Following on from the very successful H quad with vibration isolated arms I decided to build something that would lift a DSLR or larger.

Is seems a hex has marginal chances of surviving a single drive failure so I opted for an octa. The H8 was quite an attractive layout but the loss of efficiency and lift was too much so I decided to build a flat 8. It also had to fold down to less than 35cm wide if possible. I wanted to keep a vibration isolation system but the method used on the quad was not suitable. I opted for a separate frame which carries all the heavy and vibration sensitive items like controller and camera, all suspended on silicone ‘O’ rings. Rings can be added or tightened to ‘tune’ the system. Provision is in place for z axis O rings if required but with 6 rings it each corner it is already very stiff in all axis.

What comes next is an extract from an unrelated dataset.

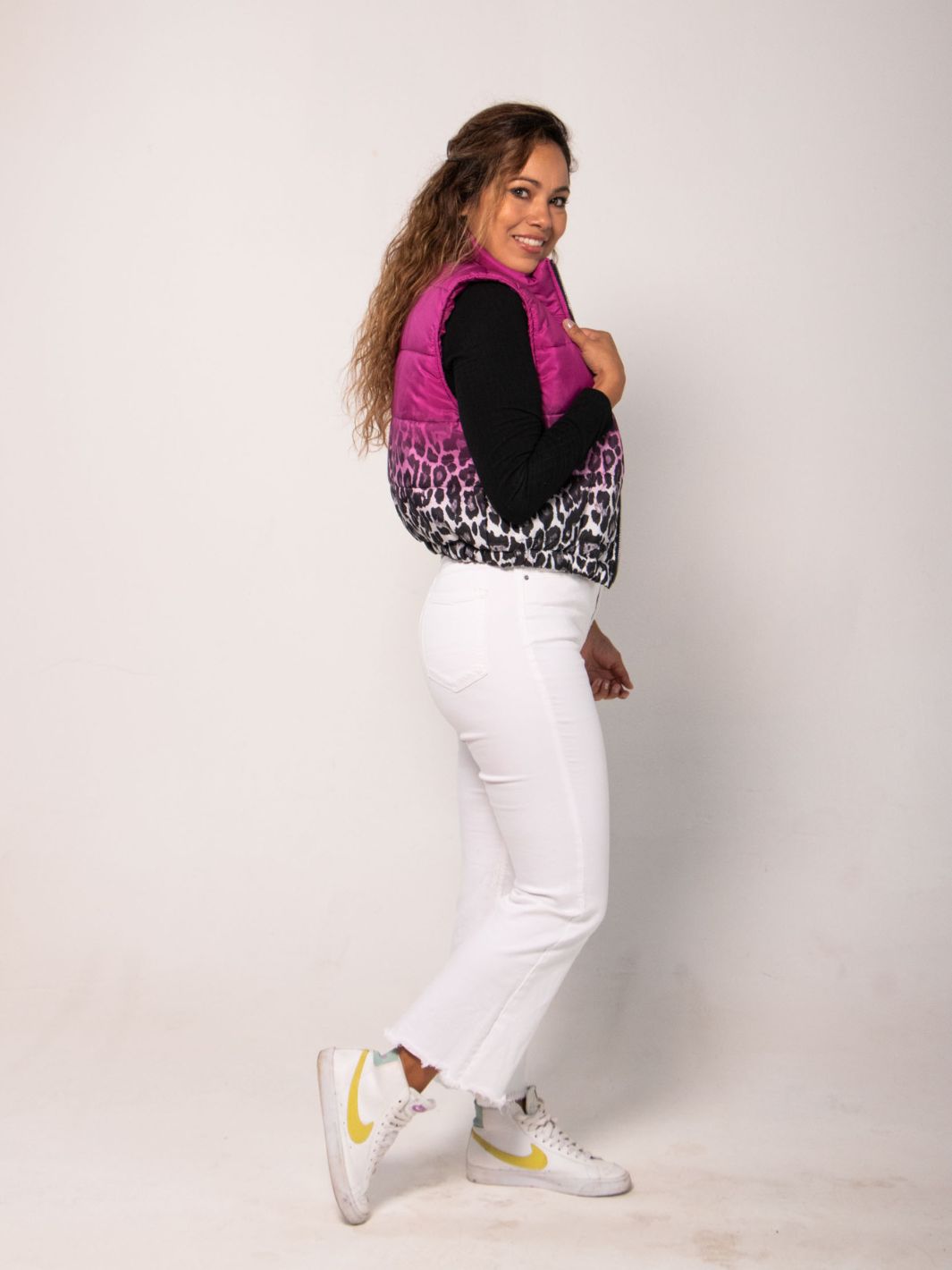 Gilet Acolchado Animal Print Abrigos y Chaquetas Dine & Dance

I was part way through the build and struggling to get the folding arm system working nicely when my son ordered a 3d printer. I was very sceptical despite their popularity on this site.

After the first few printed items came off I wondered how I ever managed without one and my poor son didn’t get a look in – sorry Leo.

Once all the plastic parts are printed it doesn’t take very long to cut the carbon to length and assemble it.

eCalc suggests it will have a max TOW of 8kg (inc 3.3 kg payload) and hover time of 11 mins at that weight. More realistically, with a DSLR and 4 x 5AH 4s is should be about 5.3kg and 22 mins. (This is using MT4008-12 with 14x4.7 props)

I am considering a production run of these frames once this one is proven.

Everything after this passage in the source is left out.